A form of on-line transaction processing (OLTP) applications requiring a high number of data block reads or writes are called H-OLTP applications. A large server or mainframe or several servers typically host an H-OLTP application. Typically, these applications involve the use of a real time operating system, a relational database, optical fiber based networking, distributed communications facilities to a user community, and the application itself. Storage solutions for these applications use a combination of mechanical disk drives and cached memory under stored program control. The techniques for the storage management of H-OLTP applications can use redundant file storage algorithms on multiple disk drives, memory cache replications, data coherency algorithms, and/or load balancing.

and ends

It would be desirable for large capacity storage to provide sufficient throughput for high-volume, real-time applications, especially, for example in emerging applications in financial, defense, research, customer management, and homeland security areas.

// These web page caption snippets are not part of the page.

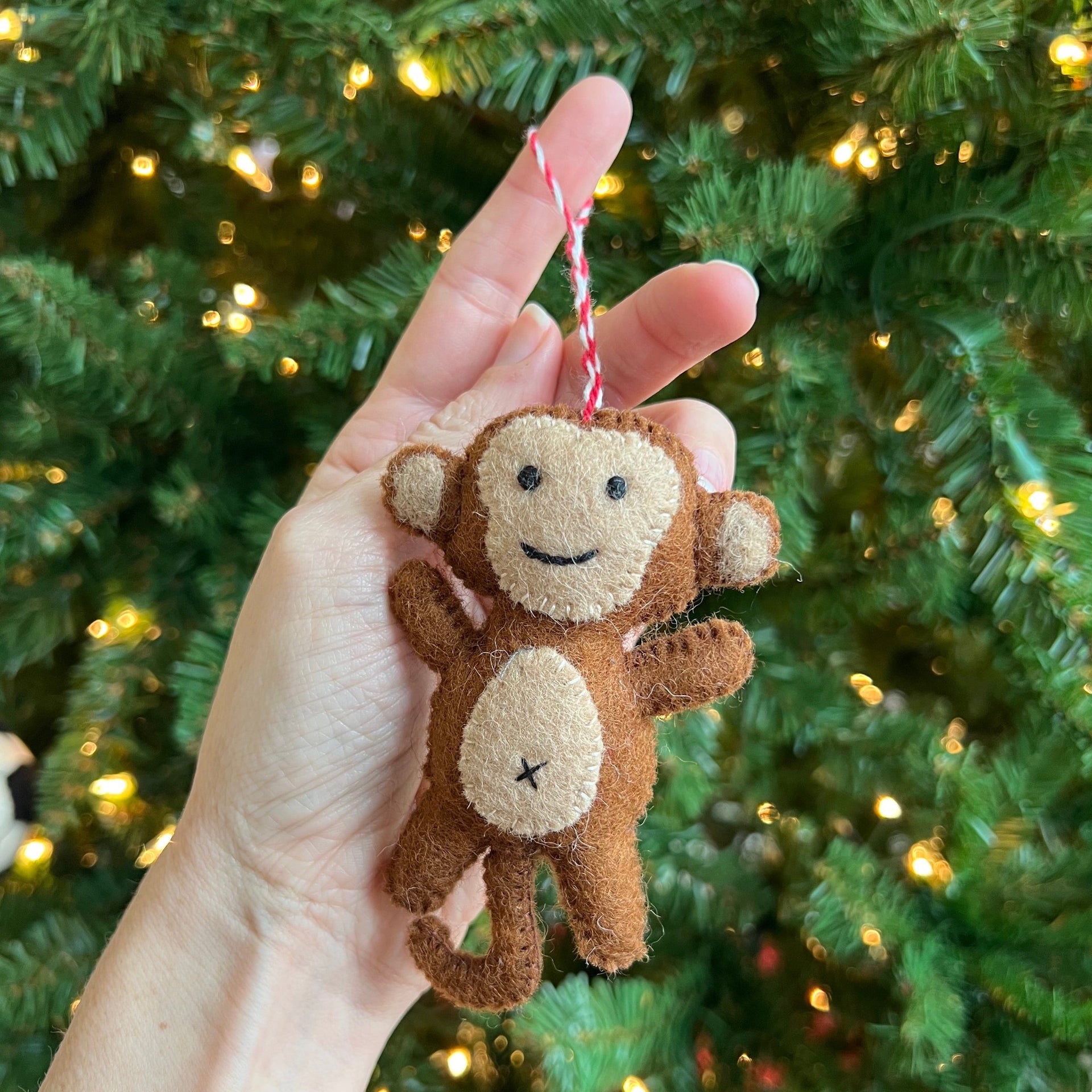Monkey Ornament, Felt Wool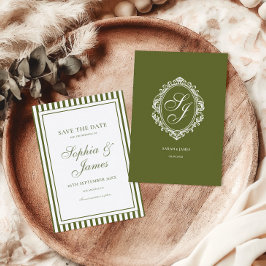 Olivgrüne Old Money Hochzeit Save the Date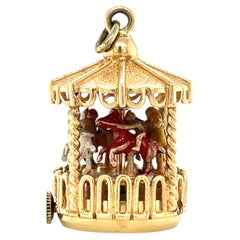 Pendentif « carrousel » mécanique Dankner, en or jaune 14 carats, pièce rare et très recherchée par les collectionneurs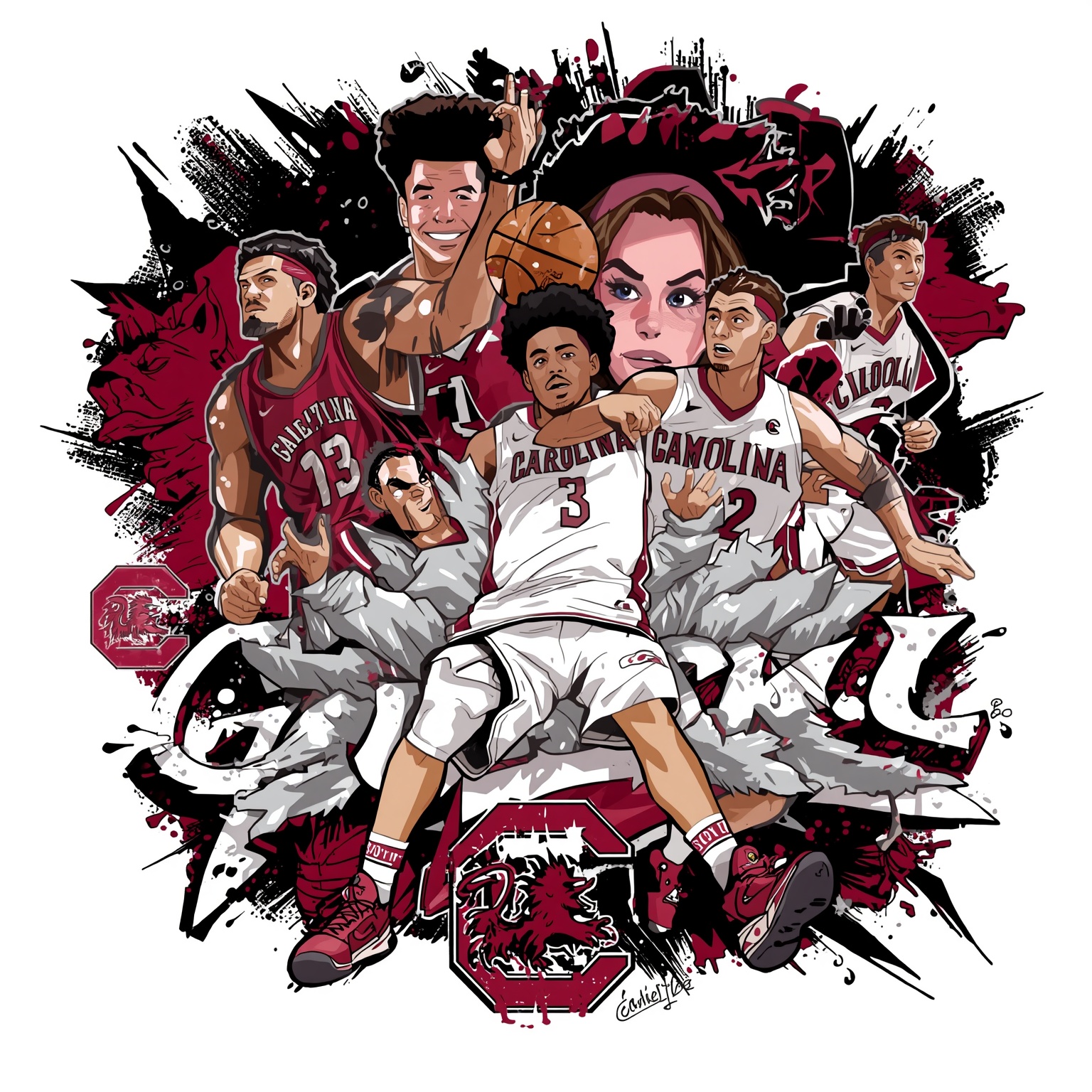 Gamecocks Embrace 76-Team Bracket and Transfer Frenzy - painting of South Carolina Gamecocks basketball venue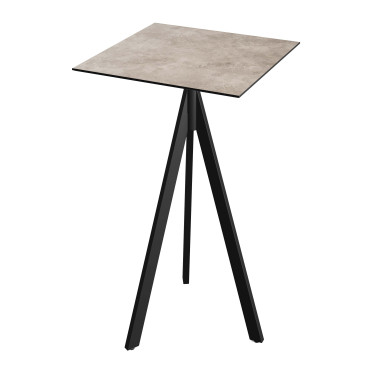 Mange debout Infinity avec piètement noir + plateau hpl moonstone 70x70 cm Infinity Tripod - Veba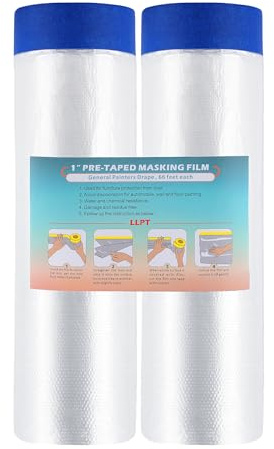 LLPT Tape and Drape Pre-Taped Masking Film 2 Packs-150cm(Unfolded) x 20m | Blue Washi Versatile Painter's Plastic Dust Sheets for Auto Wall Furniture Painting and Spraying Protection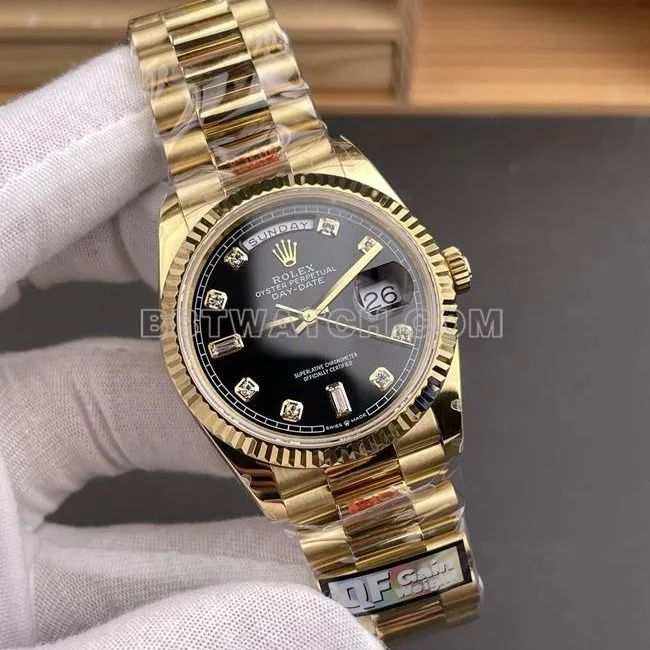 top-tier watch QF factory Day-DateRolexblack dialyellow gold2836 mechanical 36mm weight live photos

The independent claims are:

1. A storage system comprising: one or more memory sections, including one or more memory devices including storage locations that store data, and a memory section controller that provides addresses to the memory devices, the addresses identifying storage locations for a memory device, wherein the memory devices use the provided addresses to perform a function selected from the set of reading out and writing data to/from the memory devices; and one or more switches, comprising a configurable switch fabric, that receive a data request including a data block identifier and switch the data request to one or more of the memory sections determined by applying the data block identifier to an algorithm that selectively configures operation of the switch fabric, the data block identifier identifying a set of storage locations; wherein the memory sections to which the data request was switched forward the received data block identifier to its memory section controller which maps the data block identifier to a set of addresses for the storage locations identified by the data block identifier, and provides the set of addresses to one or more of the memory section’s memory devices.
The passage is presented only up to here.